__Source material__
╔══
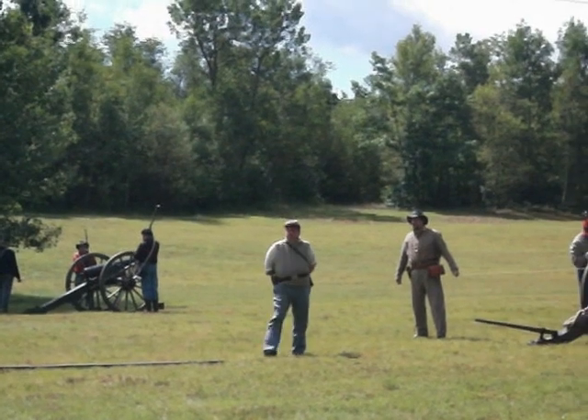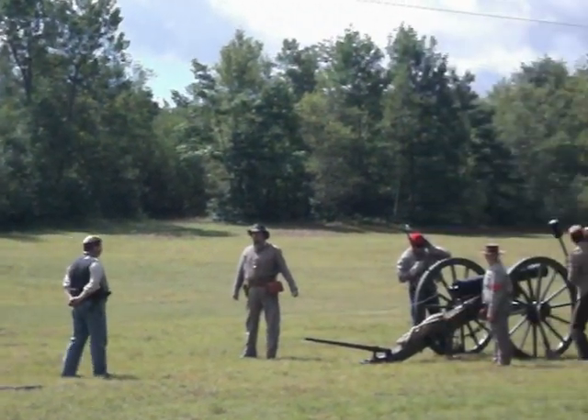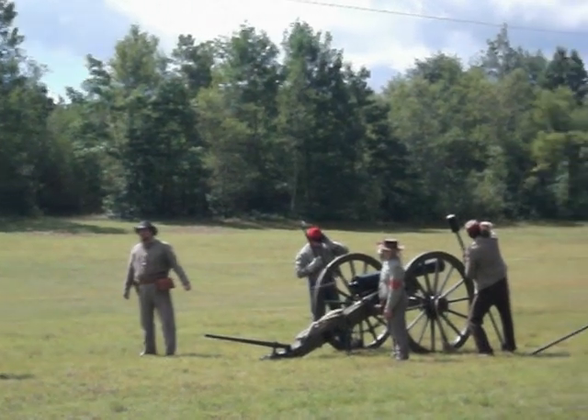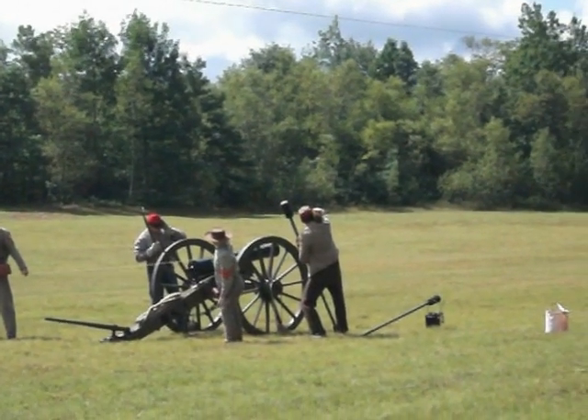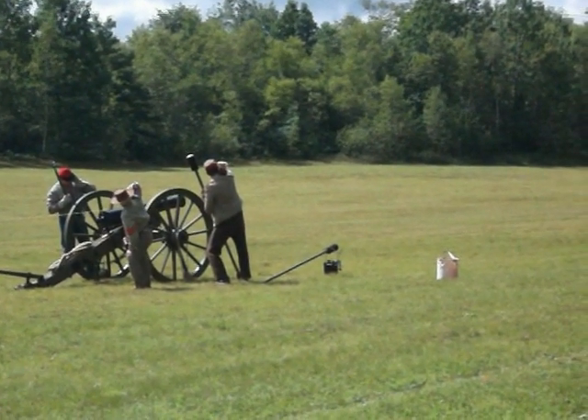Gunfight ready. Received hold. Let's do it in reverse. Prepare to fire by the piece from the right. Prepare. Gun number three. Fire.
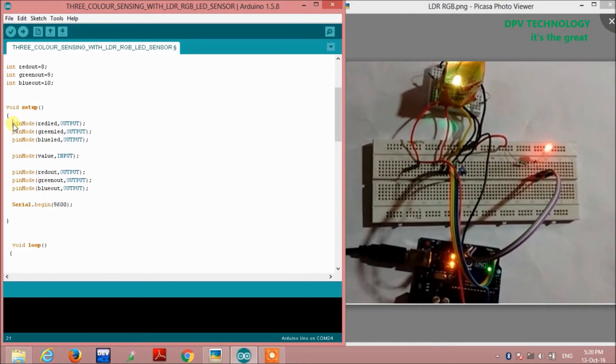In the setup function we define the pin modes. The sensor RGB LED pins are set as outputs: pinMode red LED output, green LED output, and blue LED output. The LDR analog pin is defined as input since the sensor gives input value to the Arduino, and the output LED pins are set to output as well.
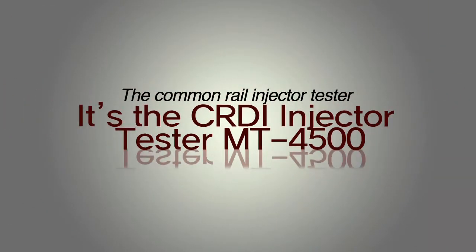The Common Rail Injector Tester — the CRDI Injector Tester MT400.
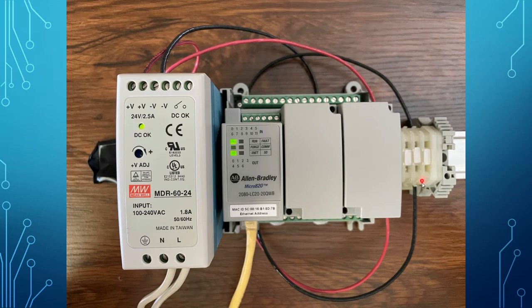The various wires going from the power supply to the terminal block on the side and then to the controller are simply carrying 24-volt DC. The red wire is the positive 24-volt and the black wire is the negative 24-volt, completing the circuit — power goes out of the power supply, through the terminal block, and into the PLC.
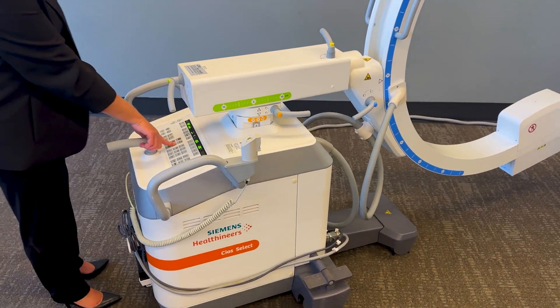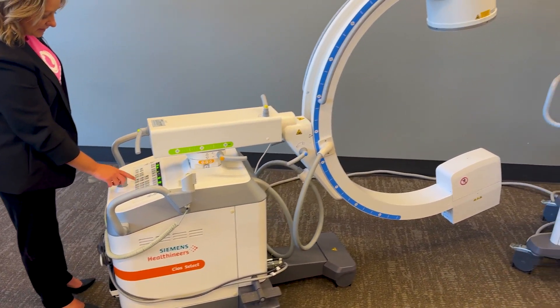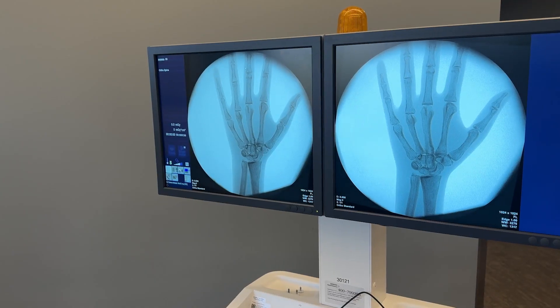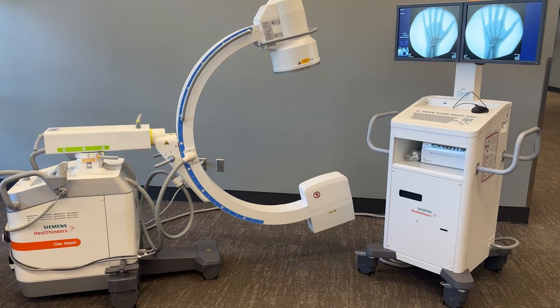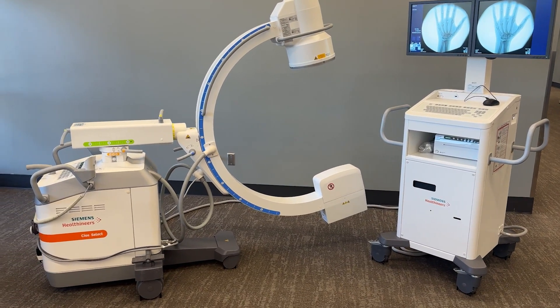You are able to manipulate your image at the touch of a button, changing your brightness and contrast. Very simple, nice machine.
╚══
╔══
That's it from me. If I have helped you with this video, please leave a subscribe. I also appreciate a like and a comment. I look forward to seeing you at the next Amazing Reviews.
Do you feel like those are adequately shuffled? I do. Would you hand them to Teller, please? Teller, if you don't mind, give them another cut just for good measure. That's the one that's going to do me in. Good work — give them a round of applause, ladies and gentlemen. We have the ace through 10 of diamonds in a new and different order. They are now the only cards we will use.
╚══
╔══
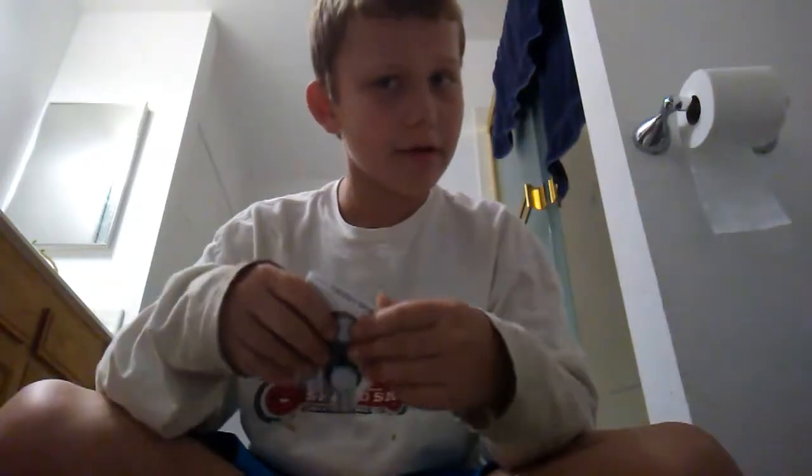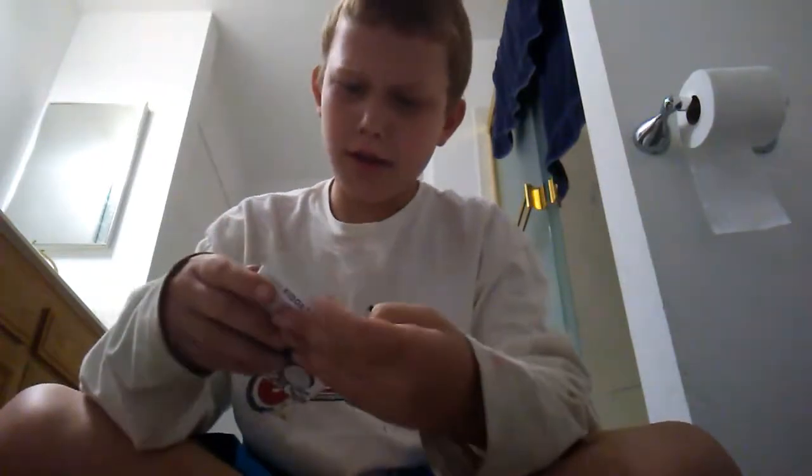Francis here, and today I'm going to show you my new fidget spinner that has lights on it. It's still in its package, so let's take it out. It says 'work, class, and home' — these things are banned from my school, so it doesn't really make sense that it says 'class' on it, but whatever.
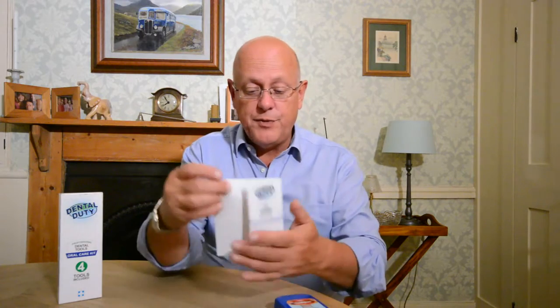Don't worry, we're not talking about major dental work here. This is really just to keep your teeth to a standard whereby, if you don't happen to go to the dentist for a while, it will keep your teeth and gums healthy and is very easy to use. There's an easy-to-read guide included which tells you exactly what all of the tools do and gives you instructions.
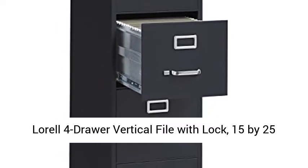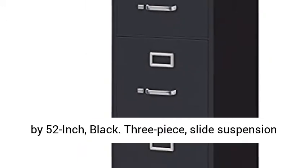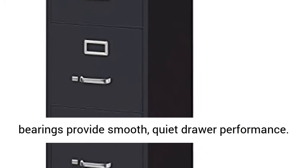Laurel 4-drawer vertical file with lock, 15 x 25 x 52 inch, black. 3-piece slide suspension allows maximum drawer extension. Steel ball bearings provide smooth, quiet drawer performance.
╚══
__What to produce__
The required output is the stretch of entries above from the line containing "That's it from" through the line containing "Do you feel", reproduced exactly.

__Problem solution__
That's it from me. If I have helped you with this video, please leave a subscribe. I also appreciate a like and a comment. I look forward to seeing you at the next Amazing Reviews.
Do you feel like those are adequately shuffled? I do. Would you hand them to Teller, please? Teller, if you don't mind, give them another cut just for good measure. That's the one that's going to do me in. Good work — give them a round of applause, ladies and gentlemen. We have the ace through 10 of diamonds in a new and different order. They are now the only cards we will use.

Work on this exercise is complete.